When you return the data, keep every word exact and include none of the images.

§ Material provided
>>>

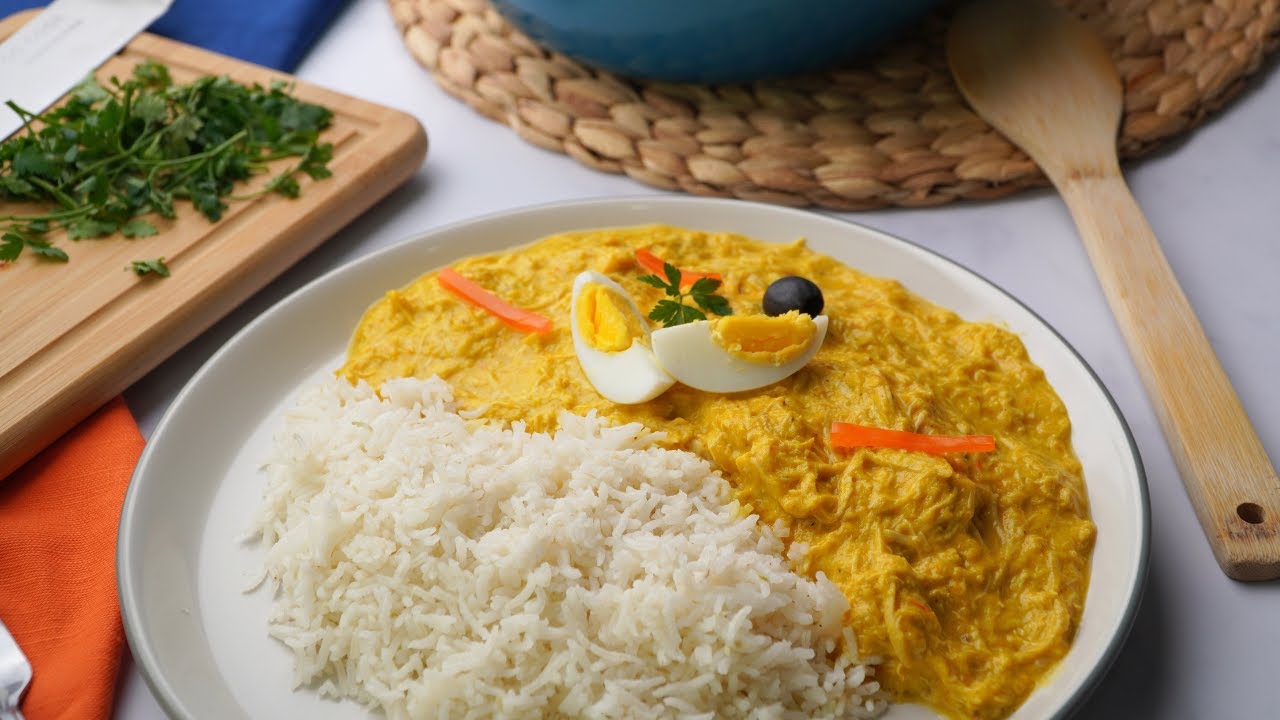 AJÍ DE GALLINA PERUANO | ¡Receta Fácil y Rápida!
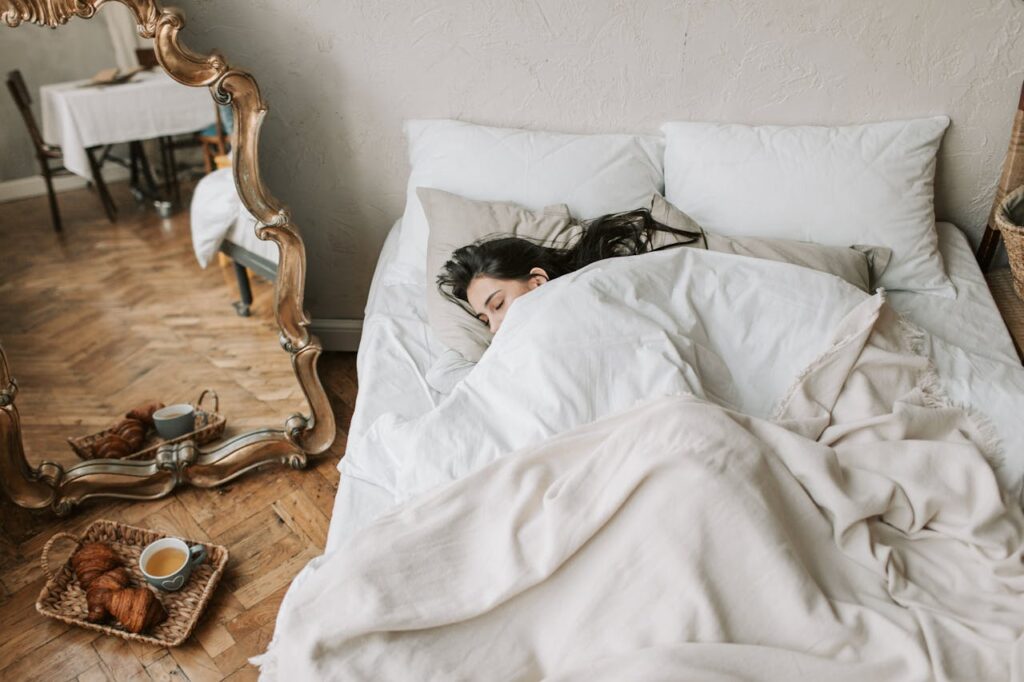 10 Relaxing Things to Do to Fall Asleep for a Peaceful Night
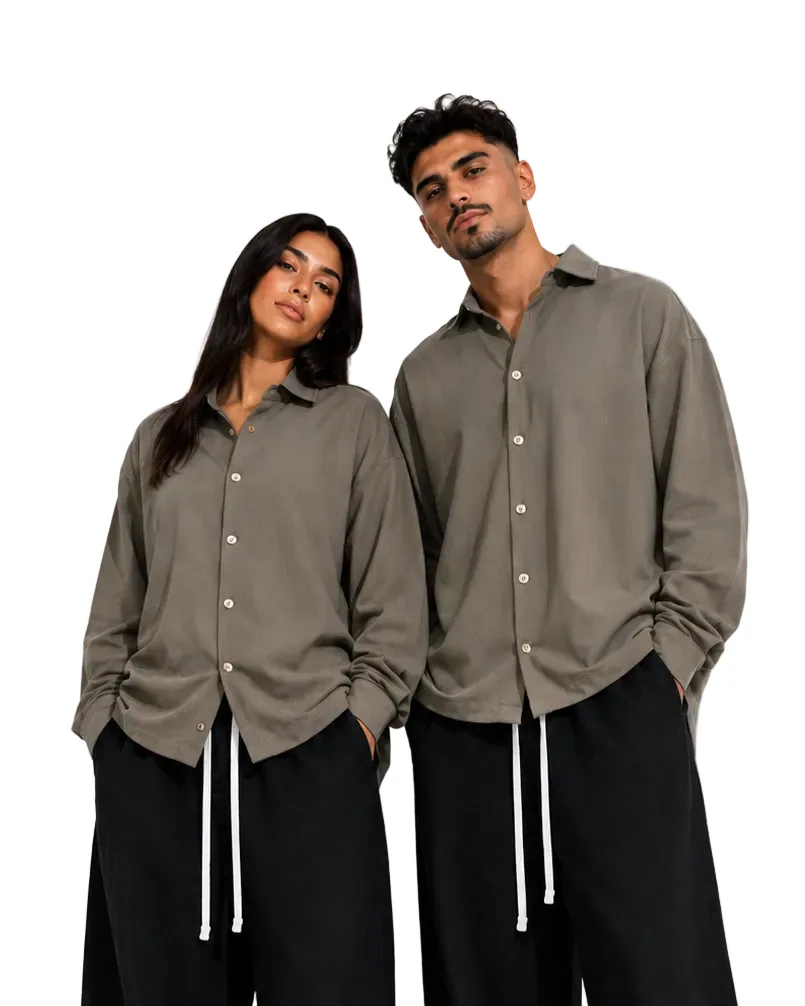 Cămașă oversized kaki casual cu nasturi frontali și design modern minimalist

<<<

§ Result of the task
 AJÍ DE GALLINA PERUANO | ¡Receta Fácil y Rápida!
 10 Relaxing Things to Do to Fall Asleep for a Peaceful Night
 Cămașă oversized kaki casual cu nasturi frontali și design modern minimalist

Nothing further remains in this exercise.